> _Exercise_
Select from the data all lines with the word "pour".

(Extracted data entries)
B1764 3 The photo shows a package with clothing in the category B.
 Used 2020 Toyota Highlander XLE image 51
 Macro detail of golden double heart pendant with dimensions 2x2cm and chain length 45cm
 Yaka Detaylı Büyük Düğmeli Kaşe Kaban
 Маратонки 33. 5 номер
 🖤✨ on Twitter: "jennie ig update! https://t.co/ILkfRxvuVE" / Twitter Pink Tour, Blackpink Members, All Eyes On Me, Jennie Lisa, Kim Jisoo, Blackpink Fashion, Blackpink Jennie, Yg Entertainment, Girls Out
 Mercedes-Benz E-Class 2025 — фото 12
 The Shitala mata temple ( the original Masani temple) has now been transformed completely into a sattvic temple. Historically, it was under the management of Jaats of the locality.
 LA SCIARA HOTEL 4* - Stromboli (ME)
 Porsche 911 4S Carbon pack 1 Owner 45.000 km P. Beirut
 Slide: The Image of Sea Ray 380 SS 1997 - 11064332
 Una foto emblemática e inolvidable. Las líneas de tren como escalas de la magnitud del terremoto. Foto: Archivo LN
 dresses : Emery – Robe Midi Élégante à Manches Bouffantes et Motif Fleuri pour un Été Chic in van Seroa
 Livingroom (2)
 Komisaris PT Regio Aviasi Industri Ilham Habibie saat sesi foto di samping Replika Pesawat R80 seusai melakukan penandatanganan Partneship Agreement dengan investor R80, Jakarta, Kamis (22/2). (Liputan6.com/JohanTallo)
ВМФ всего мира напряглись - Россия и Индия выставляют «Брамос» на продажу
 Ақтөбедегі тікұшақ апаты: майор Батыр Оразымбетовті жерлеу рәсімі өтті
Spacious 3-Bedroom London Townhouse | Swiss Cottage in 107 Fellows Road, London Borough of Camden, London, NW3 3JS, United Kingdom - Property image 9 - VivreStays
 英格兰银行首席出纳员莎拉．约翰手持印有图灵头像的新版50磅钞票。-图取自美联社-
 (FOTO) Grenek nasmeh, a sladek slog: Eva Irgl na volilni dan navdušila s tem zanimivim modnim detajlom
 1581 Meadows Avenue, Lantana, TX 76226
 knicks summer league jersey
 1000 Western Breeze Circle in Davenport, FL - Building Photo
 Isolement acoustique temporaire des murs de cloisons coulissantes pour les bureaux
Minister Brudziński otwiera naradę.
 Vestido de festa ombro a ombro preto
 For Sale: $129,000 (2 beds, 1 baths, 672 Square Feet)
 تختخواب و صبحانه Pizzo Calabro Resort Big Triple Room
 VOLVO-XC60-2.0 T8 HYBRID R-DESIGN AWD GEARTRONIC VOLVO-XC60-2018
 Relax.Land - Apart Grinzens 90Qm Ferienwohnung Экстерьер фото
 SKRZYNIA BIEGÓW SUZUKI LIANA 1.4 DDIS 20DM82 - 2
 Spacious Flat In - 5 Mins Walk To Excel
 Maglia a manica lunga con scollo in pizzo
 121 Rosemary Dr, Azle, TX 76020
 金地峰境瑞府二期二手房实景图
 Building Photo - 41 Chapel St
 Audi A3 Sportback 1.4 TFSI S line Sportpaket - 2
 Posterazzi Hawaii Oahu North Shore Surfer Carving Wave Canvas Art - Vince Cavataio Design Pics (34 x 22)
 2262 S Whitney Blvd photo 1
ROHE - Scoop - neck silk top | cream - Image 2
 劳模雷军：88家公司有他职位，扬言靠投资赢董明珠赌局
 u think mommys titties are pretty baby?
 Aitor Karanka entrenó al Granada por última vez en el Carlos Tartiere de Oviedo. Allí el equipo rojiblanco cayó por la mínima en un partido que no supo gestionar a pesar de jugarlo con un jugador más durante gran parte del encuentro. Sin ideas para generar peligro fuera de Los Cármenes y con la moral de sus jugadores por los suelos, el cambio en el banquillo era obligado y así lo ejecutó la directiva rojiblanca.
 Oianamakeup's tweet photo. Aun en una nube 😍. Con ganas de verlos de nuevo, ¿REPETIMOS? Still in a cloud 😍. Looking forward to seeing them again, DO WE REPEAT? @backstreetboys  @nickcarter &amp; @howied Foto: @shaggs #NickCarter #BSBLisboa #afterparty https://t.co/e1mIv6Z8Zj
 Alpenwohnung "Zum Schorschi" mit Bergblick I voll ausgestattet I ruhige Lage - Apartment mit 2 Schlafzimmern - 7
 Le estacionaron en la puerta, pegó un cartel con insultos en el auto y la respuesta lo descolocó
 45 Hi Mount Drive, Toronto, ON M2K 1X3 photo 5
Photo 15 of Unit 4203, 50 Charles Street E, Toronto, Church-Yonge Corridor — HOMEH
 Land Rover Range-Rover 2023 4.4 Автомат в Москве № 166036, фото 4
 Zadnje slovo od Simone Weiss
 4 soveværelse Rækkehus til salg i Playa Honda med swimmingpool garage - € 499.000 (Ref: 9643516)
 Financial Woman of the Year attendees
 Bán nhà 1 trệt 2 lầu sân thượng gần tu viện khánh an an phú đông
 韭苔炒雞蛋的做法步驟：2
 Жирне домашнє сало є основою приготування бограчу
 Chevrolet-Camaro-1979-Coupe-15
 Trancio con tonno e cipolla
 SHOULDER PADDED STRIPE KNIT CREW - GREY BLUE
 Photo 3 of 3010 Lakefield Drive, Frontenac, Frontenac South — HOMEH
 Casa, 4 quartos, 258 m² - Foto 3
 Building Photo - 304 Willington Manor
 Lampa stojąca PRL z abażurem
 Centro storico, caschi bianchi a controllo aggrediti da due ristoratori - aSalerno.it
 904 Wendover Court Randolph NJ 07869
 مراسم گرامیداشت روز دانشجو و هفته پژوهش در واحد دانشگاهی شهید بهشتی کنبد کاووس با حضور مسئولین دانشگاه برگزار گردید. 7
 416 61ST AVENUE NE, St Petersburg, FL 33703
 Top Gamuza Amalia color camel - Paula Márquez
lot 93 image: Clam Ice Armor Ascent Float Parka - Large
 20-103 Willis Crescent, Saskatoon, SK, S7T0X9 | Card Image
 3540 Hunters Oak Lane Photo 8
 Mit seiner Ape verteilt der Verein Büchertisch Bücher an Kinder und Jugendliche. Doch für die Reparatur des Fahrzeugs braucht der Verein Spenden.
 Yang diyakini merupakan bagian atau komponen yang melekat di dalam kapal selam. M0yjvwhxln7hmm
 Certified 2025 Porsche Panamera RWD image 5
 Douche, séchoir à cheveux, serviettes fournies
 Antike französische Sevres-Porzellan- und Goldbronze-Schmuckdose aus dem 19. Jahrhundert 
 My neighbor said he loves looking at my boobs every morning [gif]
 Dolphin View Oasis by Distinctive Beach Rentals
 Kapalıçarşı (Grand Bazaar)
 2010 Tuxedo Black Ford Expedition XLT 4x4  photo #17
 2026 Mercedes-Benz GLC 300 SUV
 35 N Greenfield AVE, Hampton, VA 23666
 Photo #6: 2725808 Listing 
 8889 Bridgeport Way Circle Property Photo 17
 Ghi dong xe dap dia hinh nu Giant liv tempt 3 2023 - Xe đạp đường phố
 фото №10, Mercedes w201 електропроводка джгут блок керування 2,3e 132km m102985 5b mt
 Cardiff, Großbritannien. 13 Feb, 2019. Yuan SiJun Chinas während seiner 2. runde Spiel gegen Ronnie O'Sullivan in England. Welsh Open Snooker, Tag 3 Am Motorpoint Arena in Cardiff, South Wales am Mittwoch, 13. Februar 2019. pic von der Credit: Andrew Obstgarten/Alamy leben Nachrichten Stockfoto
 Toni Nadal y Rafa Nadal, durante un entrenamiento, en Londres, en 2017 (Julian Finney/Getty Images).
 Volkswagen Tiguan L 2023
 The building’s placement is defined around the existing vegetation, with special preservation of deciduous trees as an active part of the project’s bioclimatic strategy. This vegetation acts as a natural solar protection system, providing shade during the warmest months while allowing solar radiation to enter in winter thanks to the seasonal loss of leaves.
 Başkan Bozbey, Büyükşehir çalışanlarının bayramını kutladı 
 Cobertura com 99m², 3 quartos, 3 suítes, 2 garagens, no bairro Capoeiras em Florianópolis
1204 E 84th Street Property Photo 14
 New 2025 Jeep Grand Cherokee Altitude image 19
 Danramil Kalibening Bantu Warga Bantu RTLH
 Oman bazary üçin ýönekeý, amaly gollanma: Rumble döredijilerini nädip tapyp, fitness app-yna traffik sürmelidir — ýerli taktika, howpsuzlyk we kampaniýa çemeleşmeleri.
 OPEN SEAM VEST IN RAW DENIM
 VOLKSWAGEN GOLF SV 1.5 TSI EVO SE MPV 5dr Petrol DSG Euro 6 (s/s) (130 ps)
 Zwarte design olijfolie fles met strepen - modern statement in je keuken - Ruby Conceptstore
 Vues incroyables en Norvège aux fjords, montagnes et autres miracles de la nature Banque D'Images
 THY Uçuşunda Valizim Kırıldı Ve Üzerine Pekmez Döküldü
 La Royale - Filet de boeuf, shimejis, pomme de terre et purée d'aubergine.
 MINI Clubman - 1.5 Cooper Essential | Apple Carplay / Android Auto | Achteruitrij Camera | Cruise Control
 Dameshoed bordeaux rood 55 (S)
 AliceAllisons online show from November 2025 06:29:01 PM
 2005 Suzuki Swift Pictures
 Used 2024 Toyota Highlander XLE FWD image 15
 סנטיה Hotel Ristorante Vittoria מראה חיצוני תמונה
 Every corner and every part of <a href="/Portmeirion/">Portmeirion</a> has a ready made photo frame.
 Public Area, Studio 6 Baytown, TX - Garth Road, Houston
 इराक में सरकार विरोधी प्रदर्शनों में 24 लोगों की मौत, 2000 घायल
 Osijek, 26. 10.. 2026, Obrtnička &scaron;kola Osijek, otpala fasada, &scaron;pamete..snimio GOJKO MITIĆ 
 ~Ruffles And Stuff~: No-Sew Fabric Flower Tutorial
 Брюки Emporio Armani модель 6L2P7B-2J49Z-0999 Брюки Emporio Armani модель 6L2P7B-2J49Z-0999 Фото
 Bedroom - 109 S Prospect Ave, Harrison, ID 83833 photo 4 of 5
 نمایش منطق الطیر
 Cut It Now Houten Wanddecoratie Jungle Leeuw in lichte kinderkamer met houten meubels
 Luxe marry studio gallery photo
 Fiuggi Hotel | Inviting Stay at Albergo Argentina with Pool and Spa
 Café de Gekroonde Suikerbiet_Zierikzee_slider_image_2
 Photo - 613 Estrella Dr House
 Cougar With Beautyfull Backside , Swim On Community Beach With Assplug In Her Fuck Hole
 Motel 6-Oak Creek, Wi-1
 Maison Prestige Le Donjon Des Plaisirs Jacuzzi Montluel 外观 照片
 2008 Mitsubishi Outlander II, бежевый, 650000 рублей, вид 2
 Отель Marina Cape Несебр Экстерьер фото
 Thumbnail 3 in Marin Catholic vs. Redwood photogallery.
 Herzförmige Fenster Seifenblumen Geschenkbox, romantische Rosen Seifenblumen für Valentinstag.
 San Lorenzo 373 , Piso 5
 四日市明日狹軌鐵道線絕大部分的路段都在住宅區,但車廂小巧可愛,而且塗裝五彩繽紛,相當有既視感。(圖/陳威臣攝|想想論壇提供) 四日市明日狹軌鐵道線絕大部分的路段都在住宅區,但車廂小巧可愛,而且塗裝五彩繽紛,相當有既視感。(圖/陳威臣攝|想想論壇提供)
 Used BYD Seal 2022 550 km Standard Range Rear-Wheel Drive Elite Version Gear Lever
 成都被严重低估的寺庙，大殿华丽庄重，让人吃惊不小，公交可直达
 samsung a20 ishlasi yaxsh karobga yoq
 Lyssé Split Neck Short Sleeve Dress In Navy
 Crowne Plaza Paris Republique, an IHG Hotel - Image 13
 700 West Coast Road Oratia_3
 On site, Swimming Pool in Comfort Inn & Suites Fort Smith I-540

> _Task solution_
 dresses : Emery – Robe Midi Élégante à Manches Bouffantes et Motif Fleuri pour un Été Chic in van Seroa
 Isolement acoustique temporaire des murs de cloisons coulissantes pour les bureaux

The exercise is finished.